[foreign-memaccess] RFC: to scope or not to scope?
Jorn Vernee
jbvernee at xs4all.nl
Mon Jun 3 10:55:49 UTC 2019
Thanks John, I think I understand the problem. Another idea that comes
to mind is to have threads register themselves with the shared segment
and then have a mechanism to forcibly commit writes when one thread
wants to acquire confinement. Similarly for reads we'd need a way to
'clear the cache' for all registered threads when a segment is released
from confinement again, so that no stale data is read. But the shared
state would just be a racy anarchy. Your idea of not allowing
reads/writes in the shared state seems to give much nicer/stronger
guarantees.
But, currently I think we just want to make the terminal operations
confined, so that we can hoist liveliness checks out of loops.
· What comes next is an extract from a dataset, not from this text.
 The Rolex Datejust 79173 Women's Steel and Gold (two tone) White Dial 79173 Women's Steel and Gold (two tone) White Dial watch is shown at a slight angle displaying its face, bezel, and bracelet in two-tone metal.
I have
been thinking about this some more and realized that the thread
confinement solution also relies on the loop body being inlined (or at
least not having opaque sinks that could close the segment out of our
view). I think my idea of having a temporary local copy of the segment
'control block' actually solves the same problem. Since the liveliness
flag is local to the method (if used correctly), it's also confined to
the executing thread.
Later on we could add Queued <-> Confined variants of MemorySegment that
are geared towards confinement of the actual memory resource.
Jorn
John Rose schreef op 2019-06-02 05:45:
> On Jun 1, 2019, at 8:41 PM, John Rose <john.r.rose at oracle.com> wrote:
>>
>> For example, if the root segment allows writing, then any thread can
>> initiate a racy write to it. Unless this is provably under a mutex of
>> some sort, this racy write can still be "handing around" when the
>> segment transitions back to the confined state. This means that the
>> confined state can suffer "hangovers" from previous states, when a
>> write from that state is not yet completed.
>
> (I meant to say "hanging around". If you read the JMM carefully
> you will be horrified to find that there are no promptness guarantees
> about reads and writes, unless they are also connected with
> monitors or volatile references. Java platforms tend to commit
> writes quickly, whatever that means, and report reads from fresh
> data, whatever that means, but this is *not* guaranteed by the JMM.)